When their emotionally shattered colleagues brought me the news of their untimely deaths in quick succession, I could not believe or understand how the lives of such cheerful, healthy and active youngsters could get snuffed out for no apparent reason at all. I had to attribute both the deaths to a fatal overdose of stress which is quite common in their profession where there is always a race between deadlines that are close and sales targets that are always far.

While both of them were cheerful boys with no bad habits, one of them was not only a fitness freak and regular gymmer but was also guiding others as a fitness trainer.

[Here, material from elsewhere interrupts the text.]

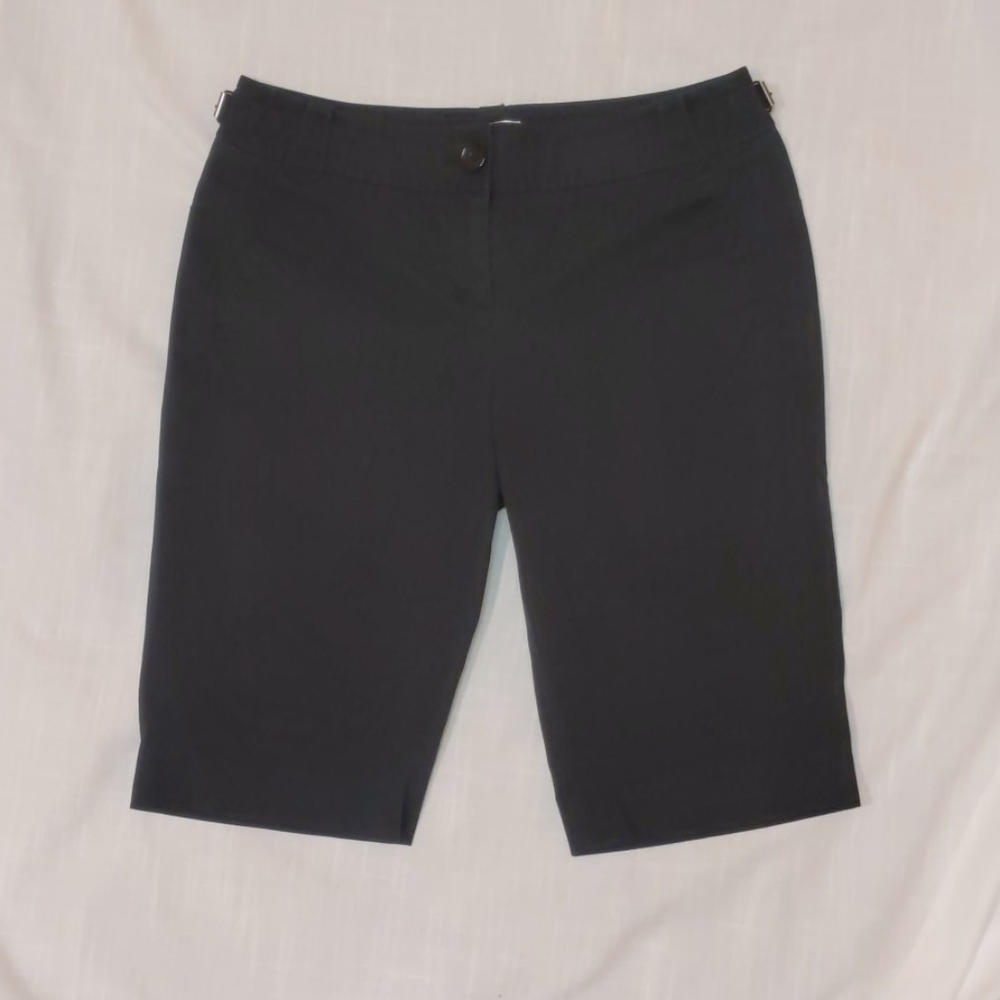 💥 SALE Loft black bermuda shorts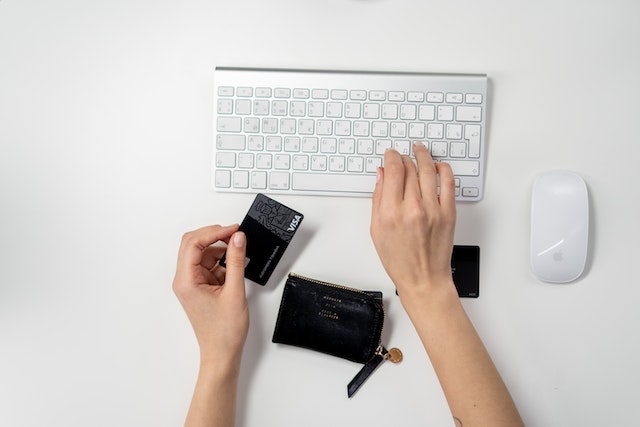 hand%20holdings%20a%20credit%20card%20and%20typing%20on%20a%20computer%20keyboard%20to%20make%20an%20online%20payment hand%20holdings%20a%20credit%20card%20and%20typing%20on%20a%20computer%20keyboard%20to%20make%20an%20online%20payment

Yet, perhaps in the guise of cruel fate, unrestrained stress took its toll.

Although stress is an unavoidable part of our modern day lifestyle and although a modest dose of it is good to spur us towards our goals, it should not be allowed to mar our health and consequently our life itself. Stress, although all pervasive now, can still be made an avoidable hazard if we do not set unrealistic goals for ourselves. That is the lesson to be learnt from these two deaths.

Dr. K. Javeed Nayeem, MD
e-mail: kjnmysore@gmail.com
Courtesy: Star Of Mysore

Click here to go to the main page of Star of Mysore.
Click here to go to the main page of Mr. K. B. Ganapathy.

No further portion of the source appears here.